# Looking for a home



## Yuki Lai (Feb 29, 2016)

Hi guys!
My rat, Aries gave birth to a litter of 9 babies 15 days ago.
I have 5 black and white mix, 2 black(with white socks and the tip of their tail is white), and 2 albinos.
Their genders are not determined yet.
15 days old.
I'm located in Brockport, New York.
Please contact me if interested.

















I also recently found out that my other rat Eros is a male, and he got Aries pregnant.
I'm trying to rehome the current litter as fast as possible before the next litter comes out.
I definitely don't want to send the babies to the pet store if possible, I don't want them to end up as feeders..


----------



## Gribouilli (Dec 25, 2015)

Try to add where you are located in the headline of your post I think you still have 5 mins to change that.


----------



## moonkissed (Dec 26, 2011)

hey you are not too far from me  I'm not looking for any babies but I am in some really great groups that may be able to help you.

https://www.facebook.com/groups/594127184000084/
https://www.facebook.com/groups/upstatenyrats/
https://www.facebook.com/groups/1594389890777970/

This rescue may be able to help as well
https://www.facebook.com/flowercitycrittersrescue/

You need to wait to rehome them until at the very earliest 5 weeks old, that is when you also need to separate the boys from the girls/mom. I'd even suggest waiting to rehome them until 6 weeks old. Babies really need to stay with mom as long as possible. 2 weeks is far too young, they still need to nurse from mom at that age.

To sex them you can try at this age to check for nipples, only females have nipples. It may be hard to tell if they are very fluffy lol.

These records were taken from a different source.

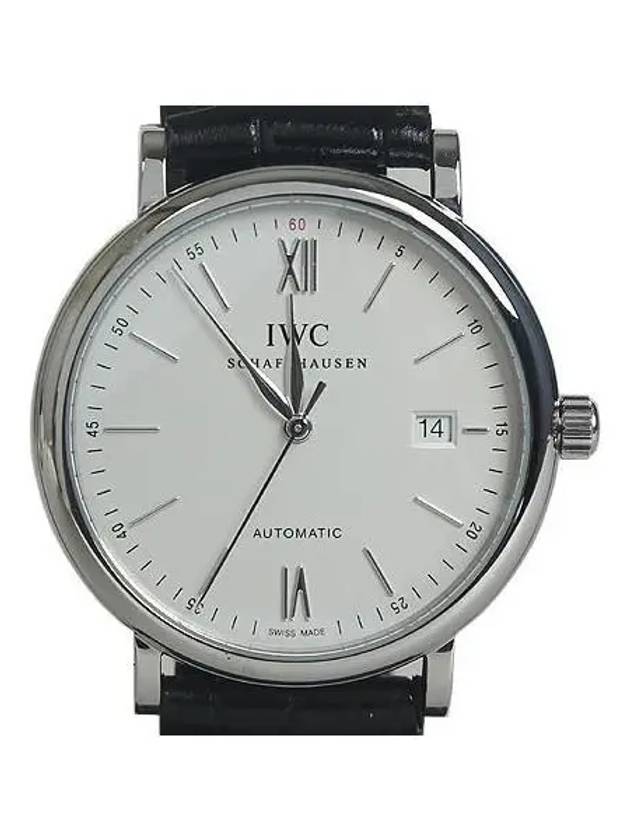 IW356501 Men s Watch - IWC - BALAAN 1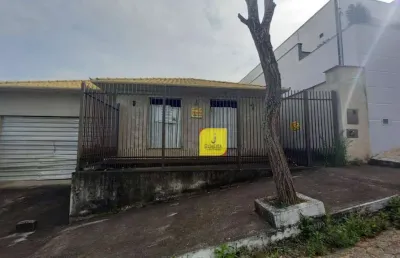 Casa com 4 dormitórios à venda, 300 m² por r$ 1.280.000,00 - quintas das avenidas - juiz de fora/mg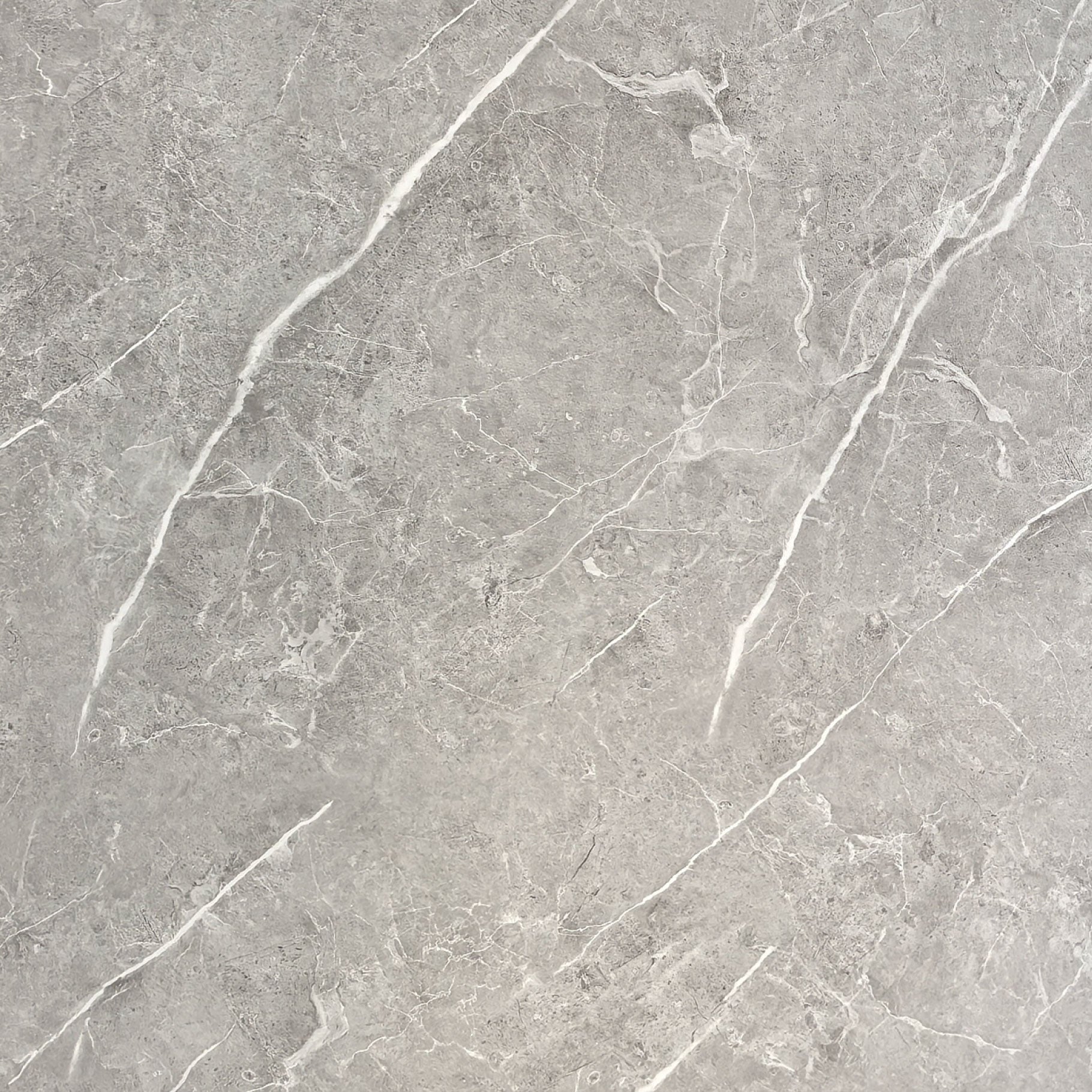Eastbrook PVC Wandpaneel Satin 100x240 cm Grey Pietra
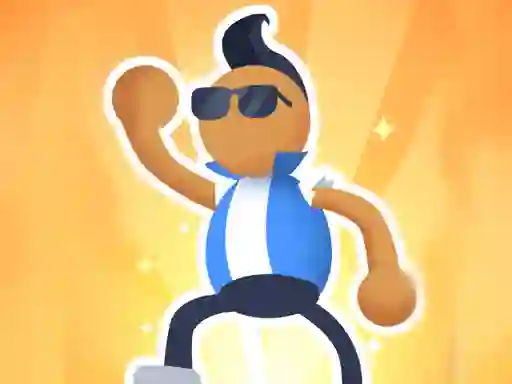 Leikur Idle Gang á netinu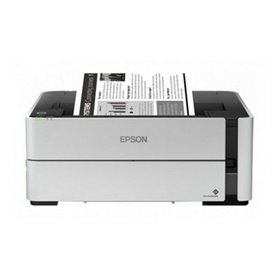 Epson EcoTank Imprimante monochrome ET-M1170 Epson EcoTank Imprimante monochrome ET-M1170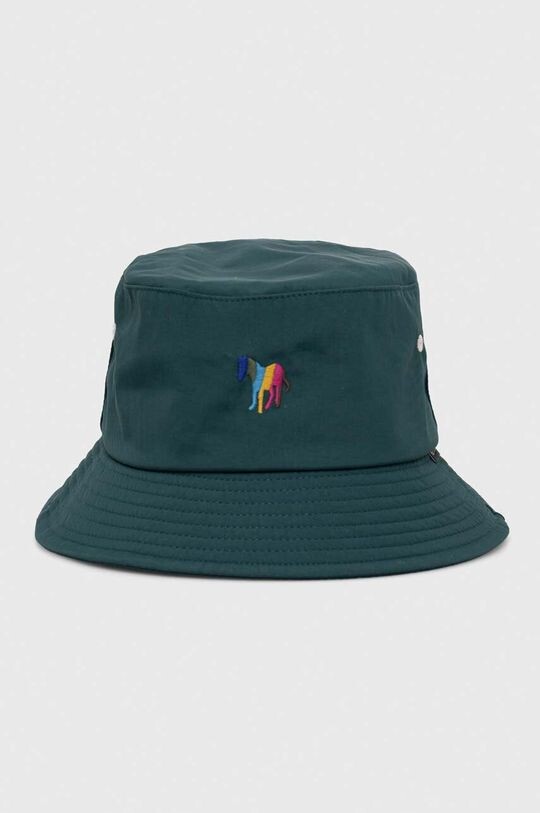 

Шапка PS Paul Smith, зеленый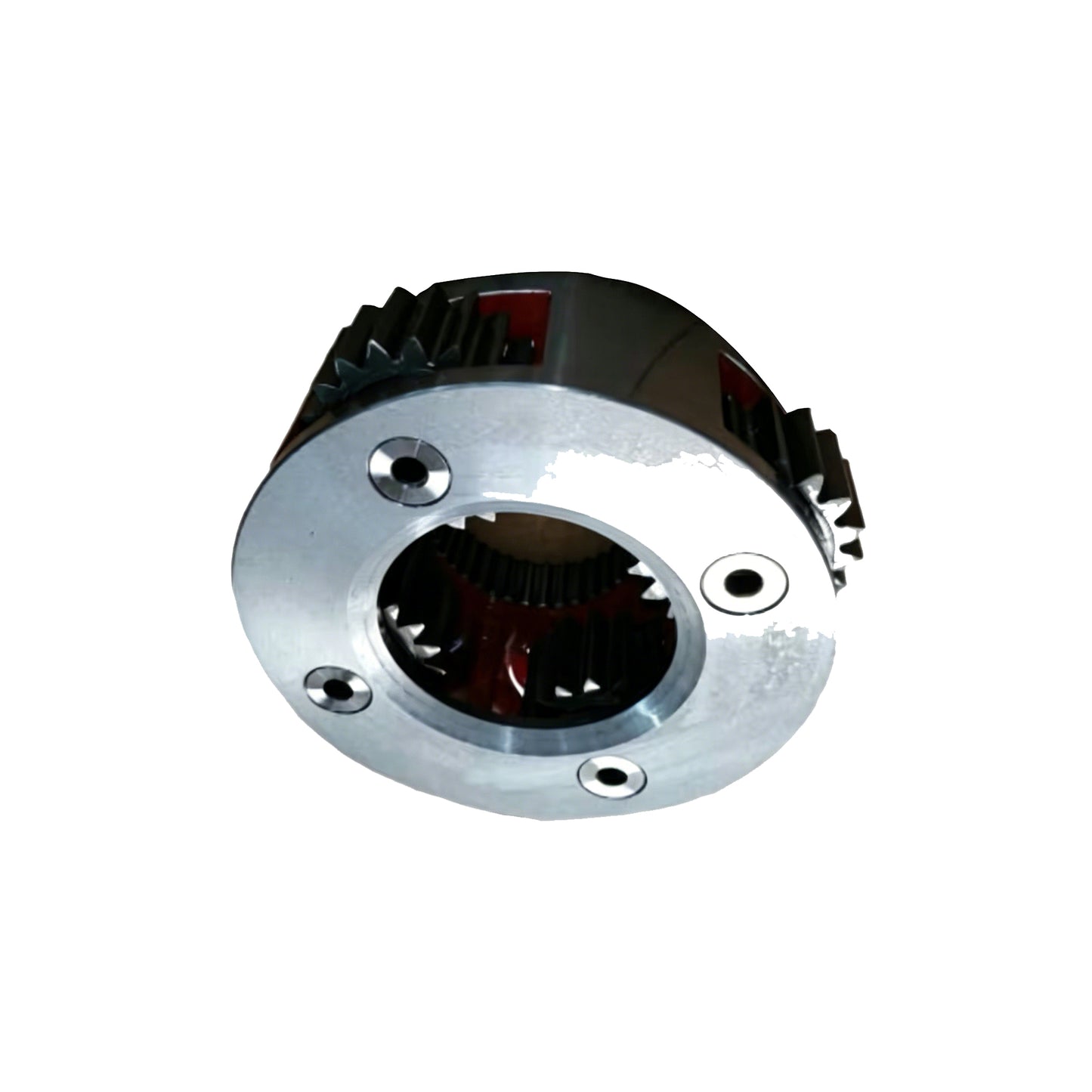 Planetary Carrier Assembly YN32W01011P1 for Kobelco Excavator ED190LC SK160LC SK200 SK200LC SK200SR SK200SRLC SK210LC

Also here are some baby links which has good info on sexing and other info on their development.
http://www.afrma.org/babyratdevdaily.htm
http://tigertailrattery.weebly.com/growth-picture-journal.html
http://ratguide.com/breeding/baby_development/birth_to_weaning.php
http://www.onceuponamischief.com/p/sexing-and.html
http://mainelyratrescue.org/rattieblog2/?p=42


----------



## Yuki Lai (Feb 29, 2016)

Gribouilli said:


> Try to add where you are located in the headline of your post I think you still have 5 mins to change that.


Ohh.. It's too late for me to change it already, but thank you for the heads up! I'll remember that next time!


----------



## Yuki Lai (Feb 29, 2016)

moonkissed said:


> hey you are not too far from me  I'm not looking for any babies but I am in some really great groups that may be able to help you.
> 
> https://www.facebook.com/groups/594127184000084/
> https://www.facebook.com/groups/upstatenyrats/
> ...


Thank you for the info!!


----------



## Yuki Lai (Feb 29, 2016)

moonkissed said:


> hey you are not too far from me  I'm not looking for any babies but I am in some really great groups that may be able to help you.
> 
> https://www.facebook.com/groups/594127184000084/
> https://www.facebook.com/groups/upstatenyrats/
> ...


I see... Thank you for your comment!! I'll check out the links!


----------